May 20, 2025 Krista Torralva

Adam MacLuckie and Huyen Luong faced a “first-of-its-kind” scenario when they were selected co-chairs of the Shell US Legal Diversity Equity and Inclusion Council. 

Shell US lawyers were returning to offices after nearly two years of remote work as a result of the Covid-19 pandemic. The country was reeling from the video-recorded murder of George Floyd, an unarmed Black man, at the hands of a white Minneapolis police officer. And people were looking at DEI initiatives with increasing apprehension. 

So the duo slapped the slogan “Let’s Talk About It” on their program and met the moment head on. 

“We believed that as long as we know each other as a community, that opens doors to seeing each other as individuals and treating everyone with respect and inclusion,” Luong recently told The Texas Lawbook. 

What followed were increased participation in DEI events and meaningful two-way communication between the company and employees, according to MacLuckie, Luong and their Shell colleagues who nominated them for the 2025 Houston Corporate Counsel Award for Achievement in Diversity and Inclusion. For their two-year term co-chairing the Shell DEI council in 2022 and 2023, the judges unanimously selected MacLuckie and Luong to receive the award.  

“I’m a sucker for courageous people and organizations, and Shell is being courageous on the DE&I front when others aren’t, which makes me proud to be here,” MacLuckie said.

Behind their success as DEI leaders are two unique journeys that reveal how MacLuckie and Luong came to embrace allyship and champion inclusion. 

Huyen Luong and Adam MacLuckie with Travis Torrence (center), the U.S. Head of Legal for Shell (Photos by Sharon Ferranti)

Steering Toward Advocacy

Luong was born in Ho Chi Minh City, Vietnam — commonly known as Saigon — about five years after the Vietnam War ended. Her father struggled to find work in the post-war country and was often at odds with law enforcement. Seeing no viable future, he fled the country when Luong was just one year old. With the help of a Lutheran church group, her father wound up in a small town about 50 miles north of Philadelphia. 

Shortly after, Luong’s mother also attempted to flee with her in tow. But each escape was foiled. Authorities caught them and even once incarcerated the mother and daughter. 

For 10 years, Luong and her mother were apart from her father. Luong’s only connection with her father was through an occasional letter, some photographs and a little money from his earnings in the U.S. 

Luong and her mother had very few material things in Vietnam. At home, she had just a bed and a small shower area.

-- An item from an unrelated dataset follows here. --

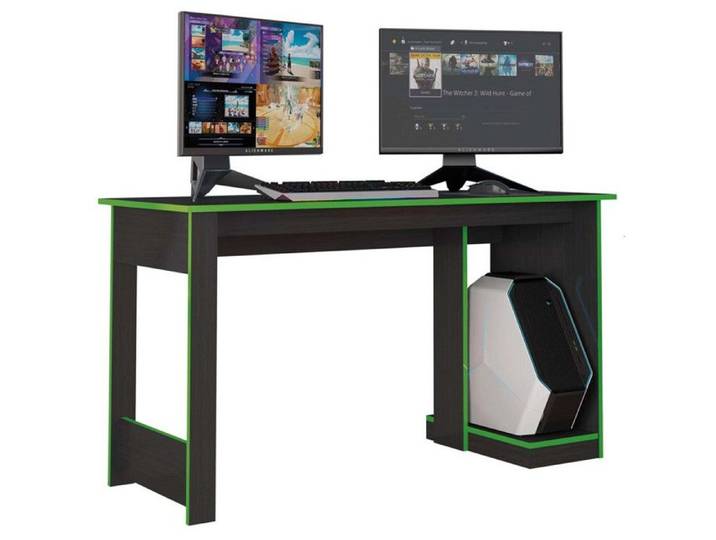 Bureau Gamer Noir Chants Verts 1 Caisson UC L 136 H 75 P 54 cm - L 136 x l 54 x H 75 cm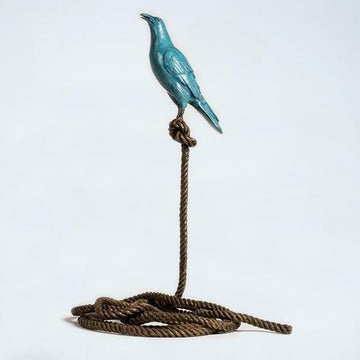 Roger, the magpie on short rope (Bronze Sculpture)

The school she attended lacked a functioning bathroom. 

“There was always an implicit understanding that I wasn’t going to get what I wanted because we simply couldn’t afford it,” Luong said. 

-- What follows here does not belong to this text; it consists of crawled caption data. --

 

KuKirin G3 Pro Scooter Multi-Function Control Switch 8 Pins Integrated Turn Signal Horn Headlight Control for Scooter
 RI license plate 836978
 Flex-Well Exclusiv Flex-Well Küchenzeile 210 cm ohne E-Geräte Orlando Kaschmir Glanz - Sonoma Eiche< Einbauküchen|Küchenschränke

But her life was full, she said. Surrounded by cousins, aunts and uncles, Luong was joyful and loved her childhood. 

At age 11, Luong and her mother were reunited with her father in the U.S. English was her second language and she often filled the role of translator for her parents. 

Her father found work in manufacturing and her mother sewed firemen’s uniforms. Their incomes were modest, but they appreciated what they had and didn’t want for much, Luong said. They saved for retirement and, when the time came, they were able to afford Luong’s college education. 

Luong initially pursued a career in science. She graduated from the University of Rochester with a bachelor’s degree in biomedical engineering and took a job as a research scientist at the University of Texas. She later moved to a biotech company, where she realized that, although she loved science, research alone wasn’t her passion. 

Luong was inspired to pursue a legal career after the biotech company she worked for was acquired by a larger firm. The new parent company brought in an in-house patent lawyer, who introduced her to a legal profession that made use of her scientific background. 

Luong graduated from SMU Dedman School of Law in 2009 and went to work for Norton Rose Fulbright, then called Fulbright & Jaworski. In 2012, she left to go in-house for Shell, where she is legal counsel in the intellectual property group.

Now, as a lawyer, Luong said she looks back on her life and recognizes subtle signs steering her toward advocacy. 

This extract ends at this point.